The opening of Russian state archives in the early 1990s allowed for the first time an unprecedented window into the inner-world of V. I. Lenin’s Communist International (Comintern) and the numerous national communist parties constituting its membership. For many scholars writing about the American left, such access held the promise of indisputable facts from which would issue the true story of international communism. It likely surprised few that Cold War historians would locate within these voluminous files the necessary documentation to confirm their long held suspicions about Soviet intrigue and control over American communism. It should have been equally unsurprising that historians of the left would mirror such positivism in demonstrating the value of international communism and the autonomy of the American Communist Party.
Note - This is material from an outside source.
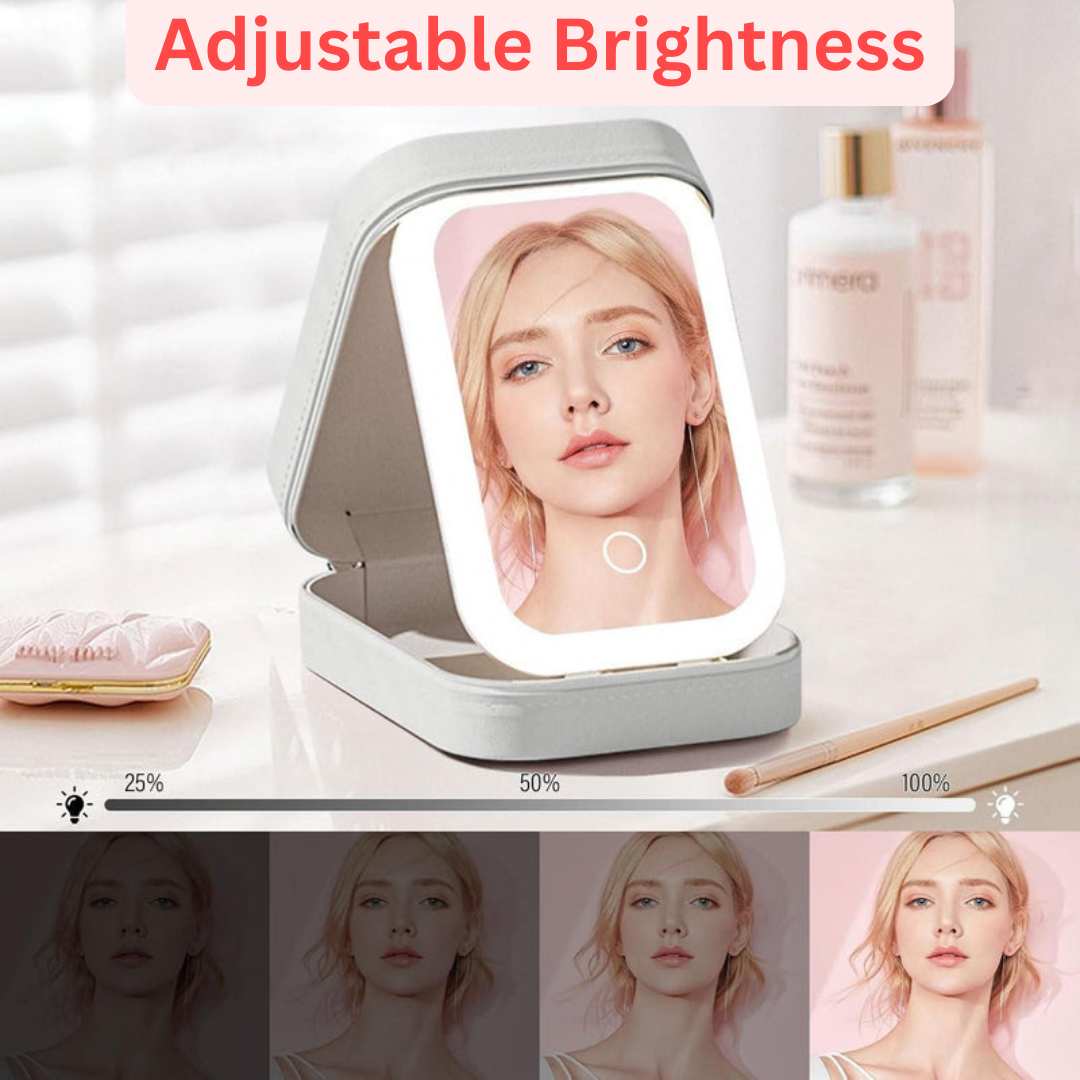 Makeup Vanity Box With LED Mirror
As far as black people in organized communism were concerned, the respective arguments in this debate continued largely unchanged, the former still portraying black Communists as either naïve pawns or willing agents of Kremlin intrigue, the latter still presenting U.S. and Soviet Communists as, on the whole, positive forces in antiracist and anticolonial struggles. For each, the villain or the hero of the story, its central figure, remained the Comintern and its member parties, with black people appearing largely as evidence to substantiate their competing claims.

Importantly, by this time historians like Nell Painter and Robin D.G. Kelley had already published groundbreaking works that told far more compelling stories of the black left. Rather than histories of the Comintern, they broke with the archive of black Marxism, the “conceptual-ideological ensemble” of concerns and questions that set the range of arguments and conclusions deemed acceptable in writing about black radicalism, and recovered a long submerged (or rather, a generally ignored and dismissed) black radical tradition.1 Kelly and Painter, and over the last twenty years a new crop of scholars influenced by them, drew on interviews, autobiographies, personal narratives, radical periodicals, pamphlets, music, poetry, and even government surveillance records to reorient the history of the black left away from any notion of heroes and villains. They crafted narratives that allowed full range to the motivations, initiatives, desires, fears, failures, and strides of black people who, for various reasons, saw value in the ideas of Marx, Lenin, Trotsky, and Mao, and the global communist and socialist movements that they led. One notices, too, in this still growing body of literature the influence of Cedric Robinson’s classic, Black Marxism, especially his insistence on a black radical tradition that anticipated and exceeded the rather brief Twentieth Century encounter between black radicalism and the white left. Privileging the intricacies of black political life and the complexities of black thought, this new body of work, as with Painter and Kelley, often crafted their narratives with only scant recourse to Soviet archives.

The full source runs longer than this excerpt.